Task description:
Below are records with pictures in them. Output exactly the lines from the one with "New Orleans has" through the one with "Ворота распашные из профлиста", both included, and leave every picture out; give only those lines.

Material to process:
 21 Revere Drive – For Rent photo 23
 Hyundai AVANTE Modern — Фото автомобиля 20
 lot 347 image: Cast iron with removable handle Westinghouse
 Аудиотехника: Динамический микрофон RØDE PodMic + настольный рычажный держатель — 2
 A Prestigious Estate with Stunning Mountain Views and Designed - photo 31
--
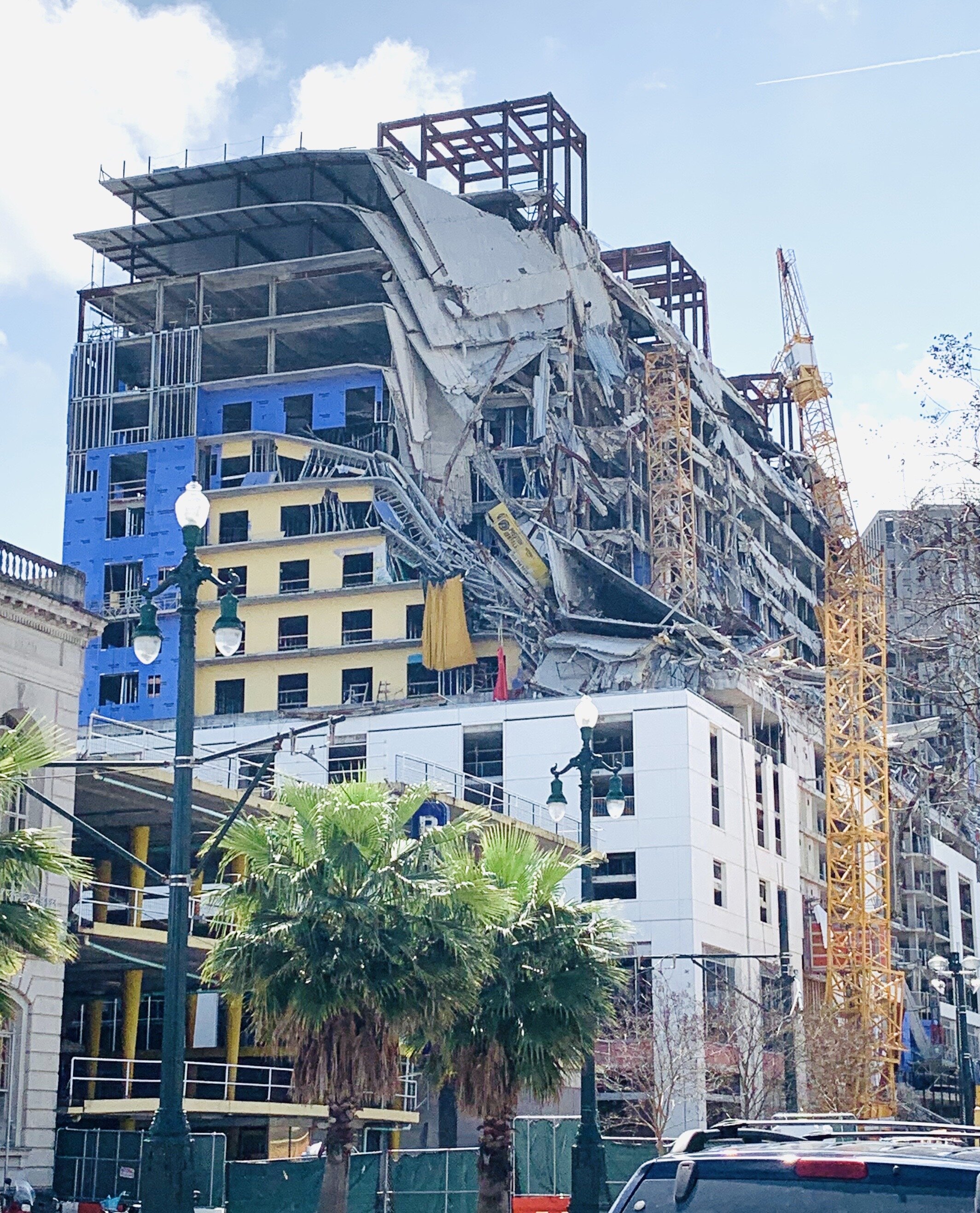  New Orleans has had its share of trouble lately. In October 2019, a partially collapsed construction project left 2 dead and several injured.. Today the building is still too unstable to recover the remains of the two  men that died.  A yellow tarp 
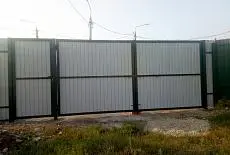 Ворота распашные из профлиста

Expected output:
  New Orleans has had its share of trouble lately. In October 2019, a partially collapsed construction project left 2 dead and several injured.. Today the building is still too unstable to recover the remains of the two  men that died.  A yellow tarp 
 Ворота распашные из профлиста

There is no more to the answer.